Subtype and prognostic analysis of immunogenic cell death-related gene signature in prostate cancer

Zhen Kang; Jiang-Bo Sun; Fei Lin; Xu-Yun Huang; Qi Huang; Dong-Ning Chen; Qing-Shui Zheng; Xue-Yi Xue; Ning Xu; Yong Wei

doi:10.3389/fonc.2023.1160972

Subtype and prognostic analysis of immunogenic cell death-related gene signature in prostate cancer

Front Oncol. 2023 Jun 6:13:1160972. doi: 10.3389/fonc.2023.1160972. eCollection 2023.

Authors

Zhen Kang^{1

2}, Jiang-Bo Sun^{1

2}, Fei Lin^{1

2}, Xu-Yun Huang^{1

2}, Qi Huang^{1

2}, Dong-Ning Chen^{1

2}, Qing-Shui Zheng^{1

2}, Xue-Yi Xue^{1

2

3}, Ning Xu^{1

2

3}, Yong Wei^{1

2}

Affiliations

¹ Department of Urology, Urology Research Institute, The First Affiliated Hospital, Fujian Medical University, Fuzhou, China.
² Department of Urology, National Region Medical Centre, The First Affiliated Hospital, Fujian Medical University, Fuzhou, China.
³ Fujian Key Laboratory of Precision Medicine for Cancer, The First Affiliated Hospital, Fujian Medical University, Fuzhou, China.

Abstract

Background: Immunogenic cell death (ICD) plays a vital role in tumor progression and immune response.
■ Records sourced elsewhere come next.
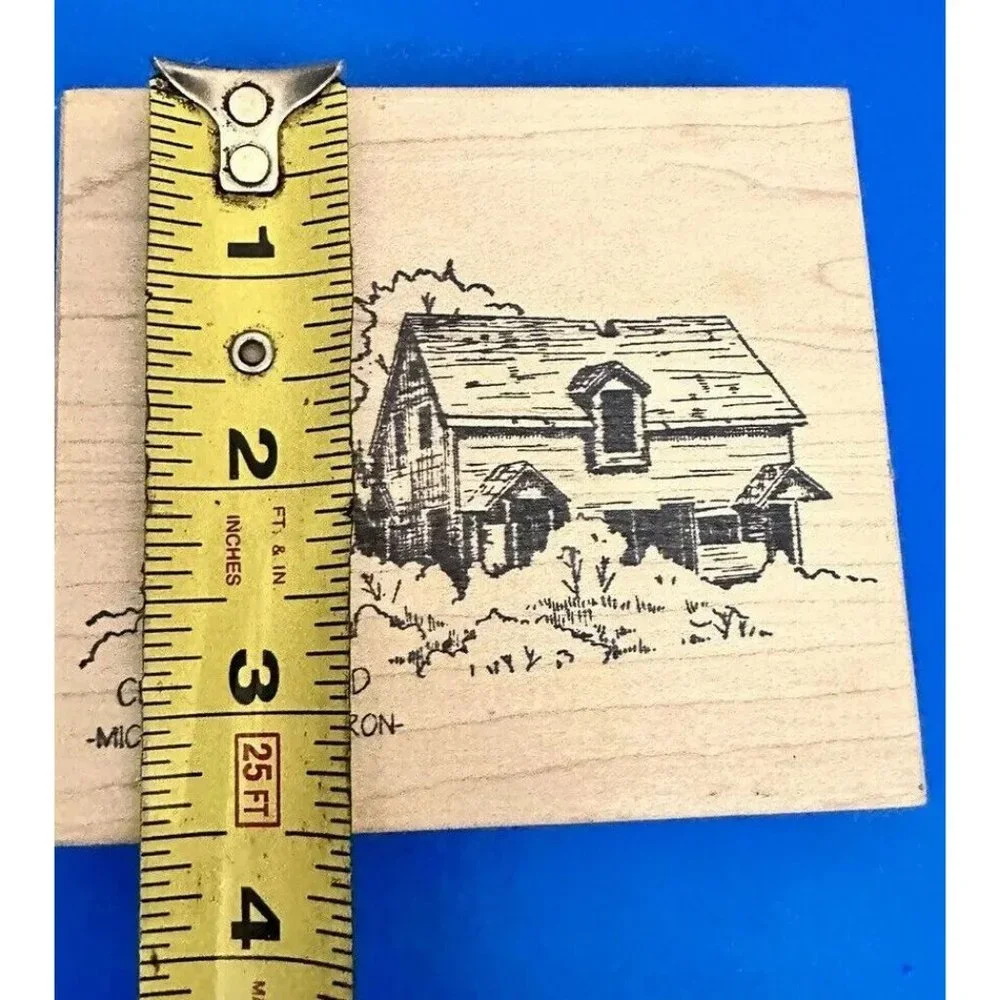Charity Island Lighthouse Lake Huron Michigan Rubber Stamp See Pictures‎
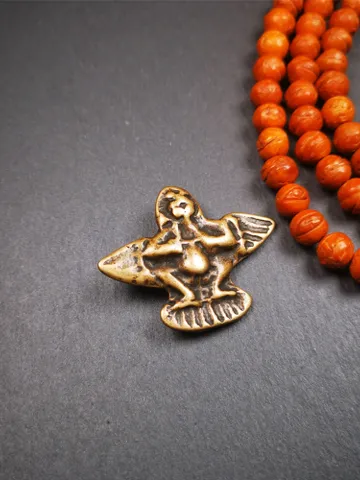Gandhanra Antique Tibetan Buddhist Amulet Pendant - Garuda - The Golden-Winged Bird, Crafted from Copper,1.65&quot; $29.99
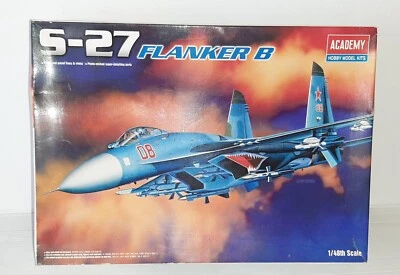 ACADEMY 1/48 KIT MONTAGGIO S-27 FLANKER B - Immagine 1 di 2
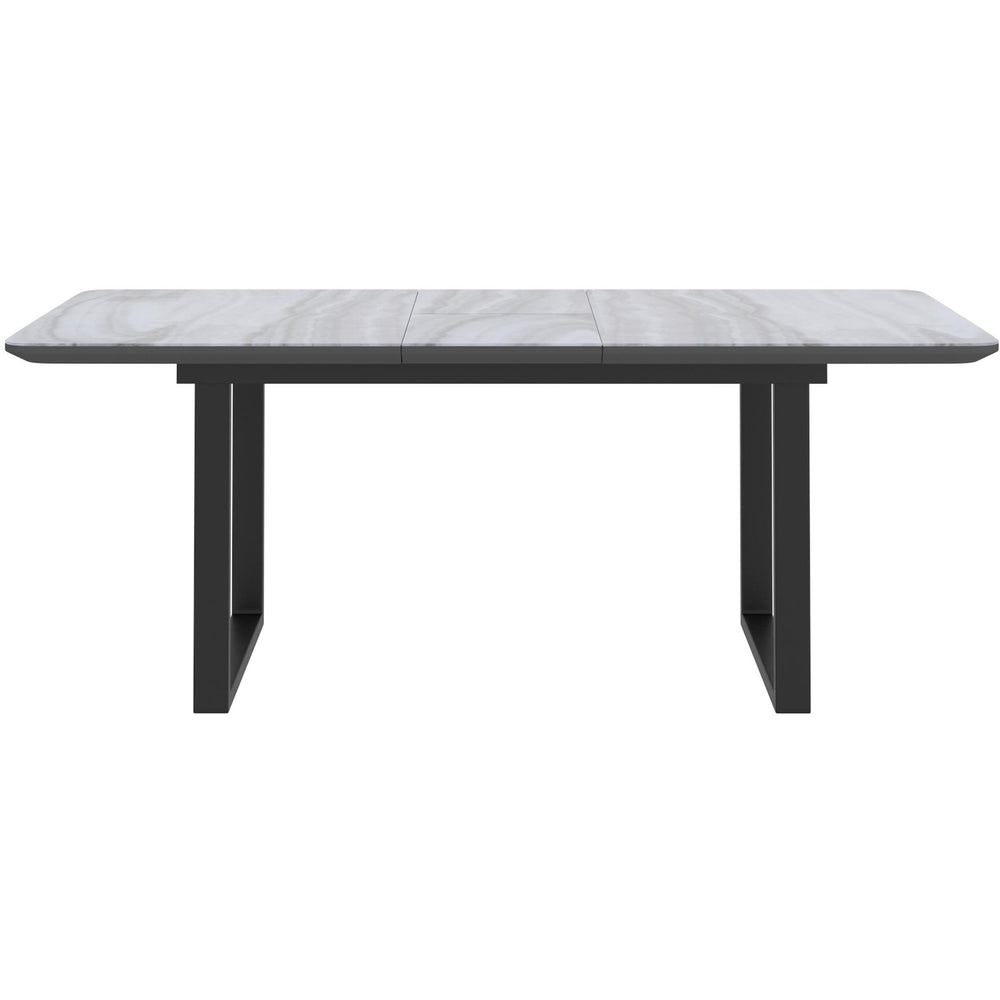  Worldwide Home Furnishings Gavin/Brodi 207-360BK_138BEG 7 pc Dining Set - Black Table with Beige Chair IMAGE 5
However, the integrative role of ICD-related genes and subtypes in the tumor microenvironment (TME) in prostate cancer (PCa) remains unknown.

Materials and methods: The sample data were obtained from The Cancer Genome Atlas (TCGA), Gene Expression Omnibus (GEO), and Memorial Sloan Kettering Cancer Center (MSKCC) prostate cancer-related databases. We first divided the subtypes based on ICD genes from 901 PCa patients and then identified the prognosis- related genes (PRGs) between different ICD subtypes. Subsequently, all the patients were randomly split into the training and test groups. We developed a risk signature in the training set by least absolute shrinkage and selection operator (LASSO)-Cox regression. Following this, we verified this prognostic signature in both the training test and external test sets. The relationships between the different subgroups and clinical pathological characteristics, immune infiltration characteristics, and mutation status of the TME were examined. Finally, the artificial neural network (ANN) and fundamental experiment study were constructed to verify the accuracy of the prognostic signature.
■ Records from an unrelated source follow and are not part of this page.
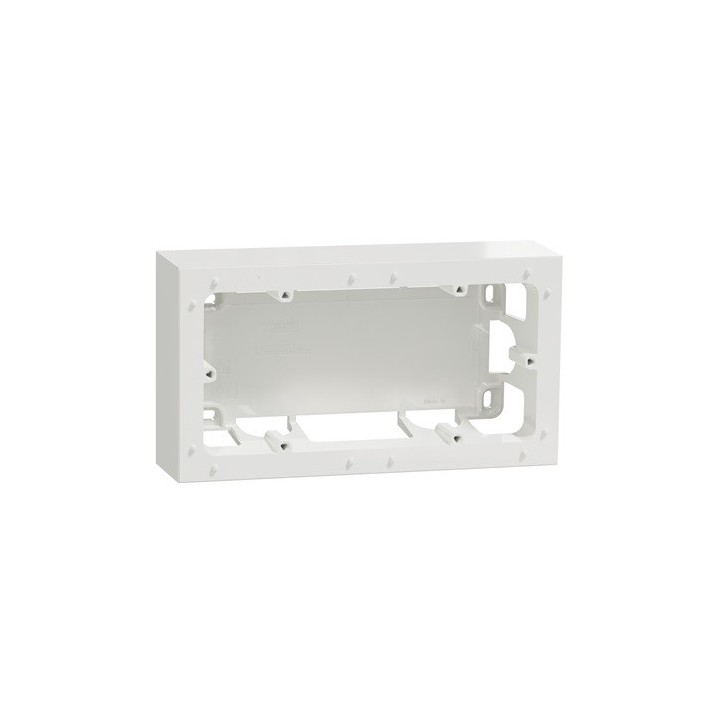 Schneider - Odace Styl - boîte pour montage en saillie - blanc - 2 postes entraxe 71mm - Réf : S520764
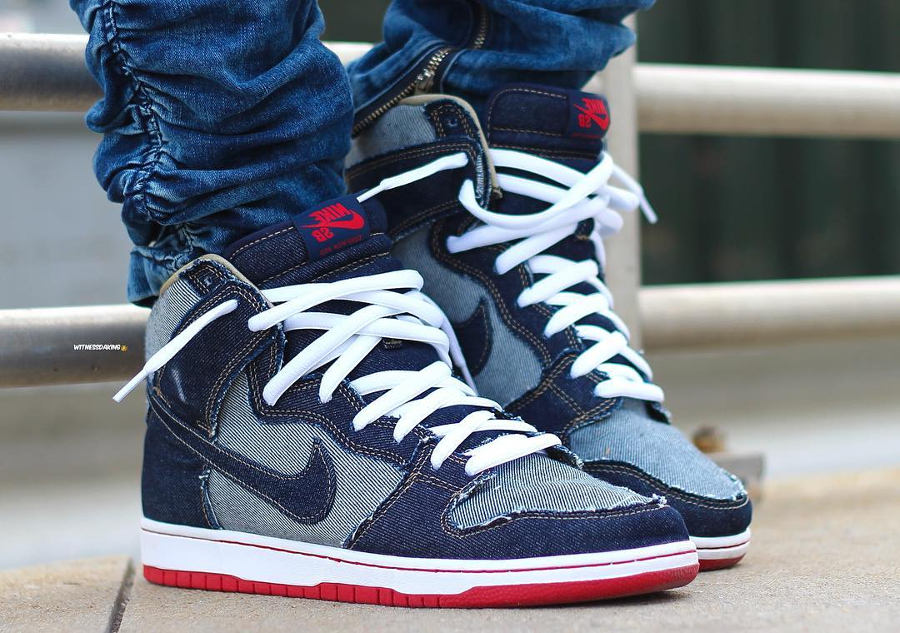 Nike Dunk High Pro SB Reese Denim - @witnessdaking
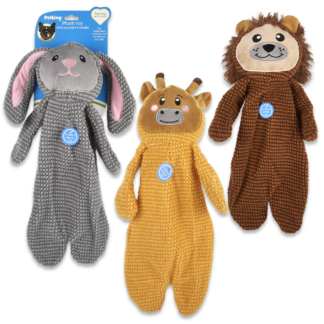 Plush Toy with Squeaker and Crinkle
Results: We identified two ICD clusters with immunological features and three gene clusters composed of PRGs. Additionally, we demonstrated that the risk signature can be used to evaluate tumor immune cell infiltration, prognostic status, and an immune checkpoint inhibitor. The low-risk group, which has a high overlap with group C of the gene cluster, is characterized by high ICD levels, immunocompetence, and favorable survival probability. Furthermore, the tumor progression genes selected by the ANN also exhibit potential associations with risk signature genes.

Conclusion: This study identified individuals with high ICD levels in prostate cancer who may have more abundant immune infiltration and revealed the potential effects of risk signature on the TME, immune checkpoint inhibitor, and prognosis of PCa.

Keywords: cancer subtype; immune infiltration; immunogenic cell death; prognostic signature; prostate cancer.

Grants and funding

This study was supported by Science and Technology Innovation Joint Fund project of Fujian province (Grant number: 2021Y9126), the First Affiliated Hospital of Fujian Medical University, Class B talent research project (Grant number: YJCRC-B-XN2022), and the Foundation of Fujian Provincial Department of Finance (BPB-2020XXY).